━━━ Input for this task ━━━
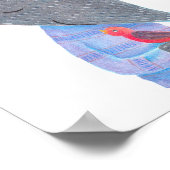 Gray Wolf Red Bird Woodland Illustration Poster (Ecke)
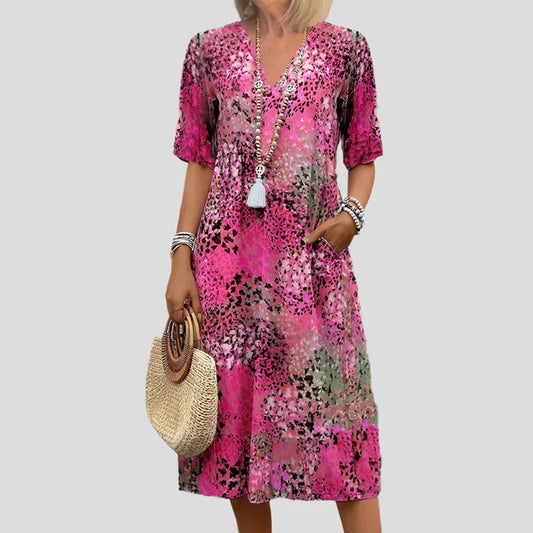 Sofia Amoretti Printed Midi Dress with V-Neck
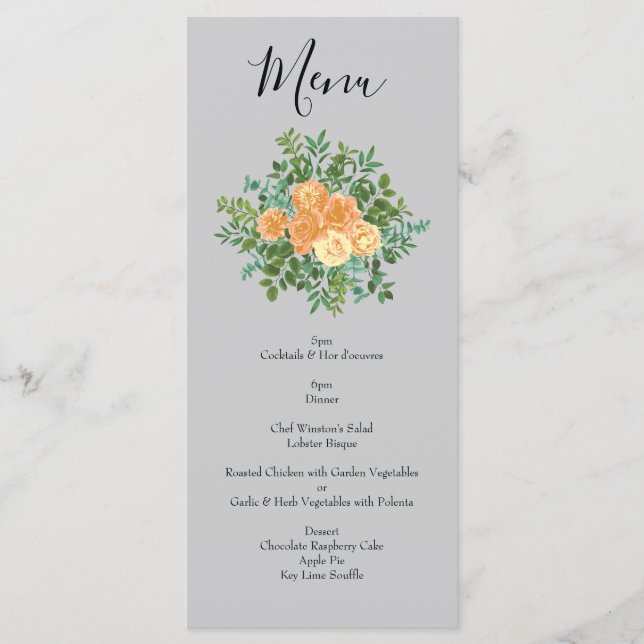 Peach Grey Wedding Spring Floral Menu (Front)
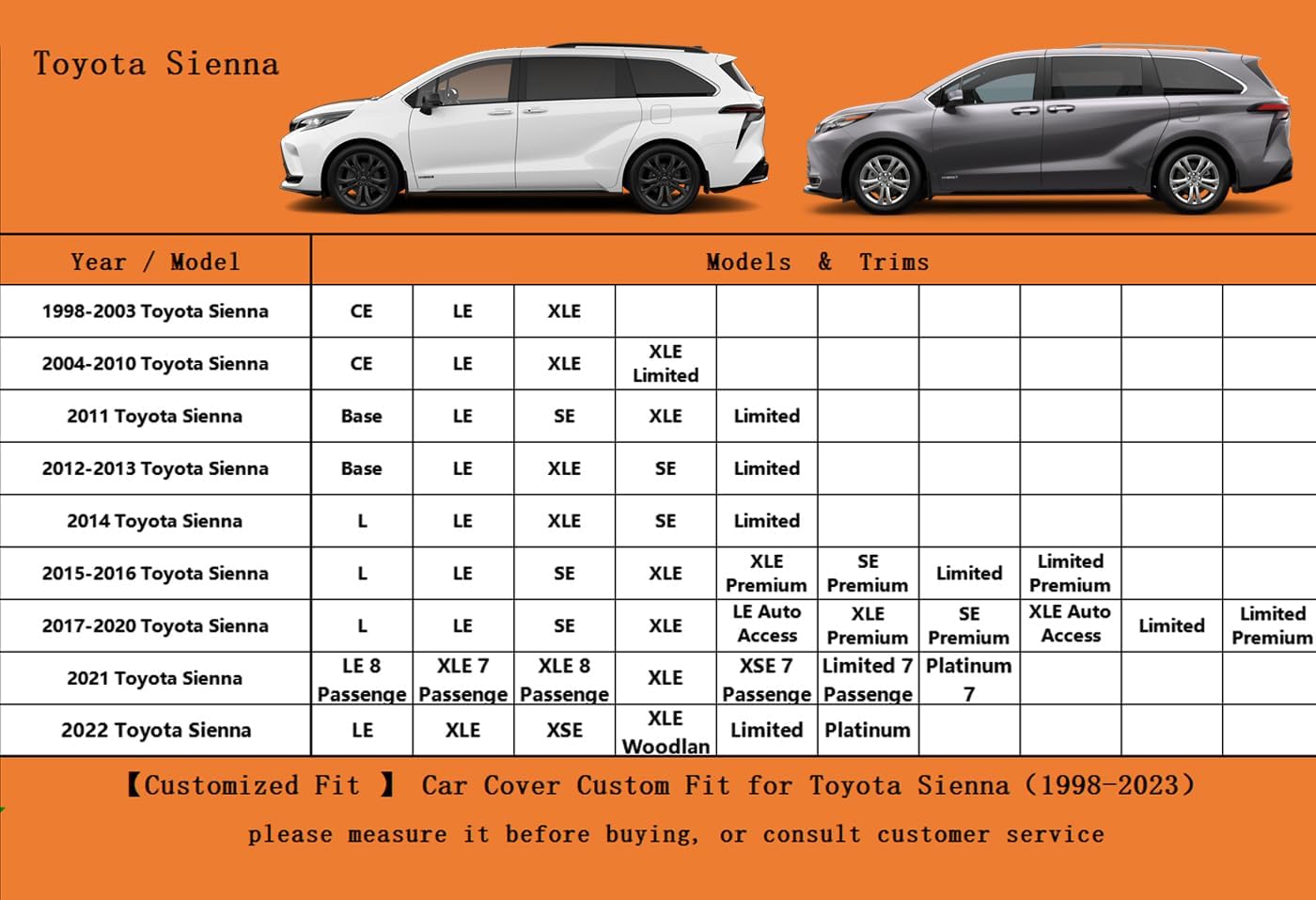 Kayme 7 Layers Car Cover Custom Fit for Toyota Sienna Minivan (1997-2025) Waterproof All Weather for Automobiles, Outdoor Full Cover Rain Sun UV Protection.Black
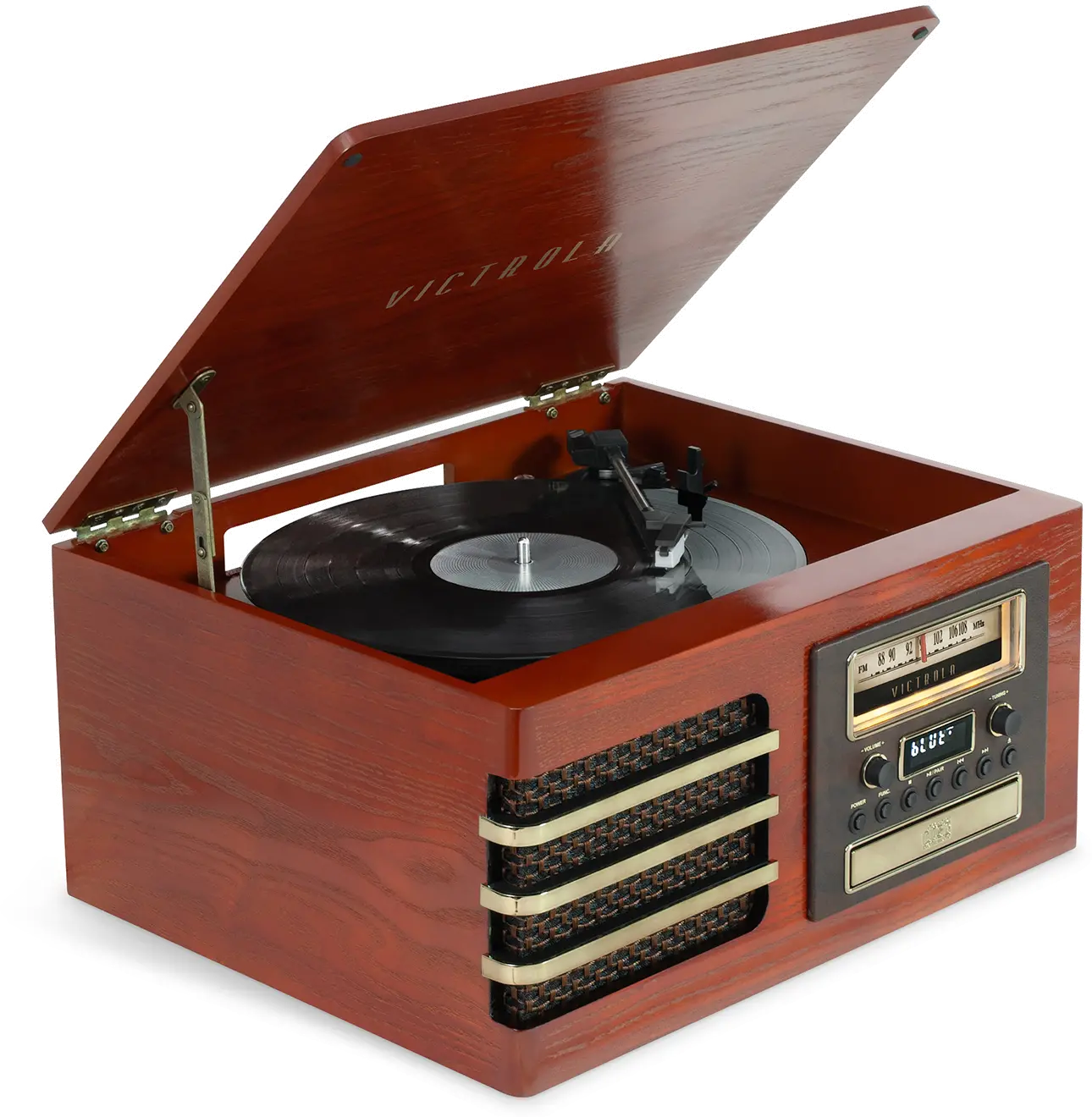 Mahogany Bluetooth Record Player-Victrola-1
━━━
**Prompt**.
Transcribe the records word for word and include no pictures.

**Exercise result**.
 Gray Wolf Red Bird Woodland Illustration Poster (Ecke)
 Sofia Amoretti Printed Midi Dress with V-Neck
 Peach Grey Wedding Spring Floral Menu (Front)
 Kayme 7 Layers Car Cover Custom Fit for Toyota Sienna Minivan (1997-2025) Waterproof All Weather for Automobiles, Outdoor Full Cover Rain Sun UV Protection.Black
 Mahogany Bluetooth Record Player-Victrola-1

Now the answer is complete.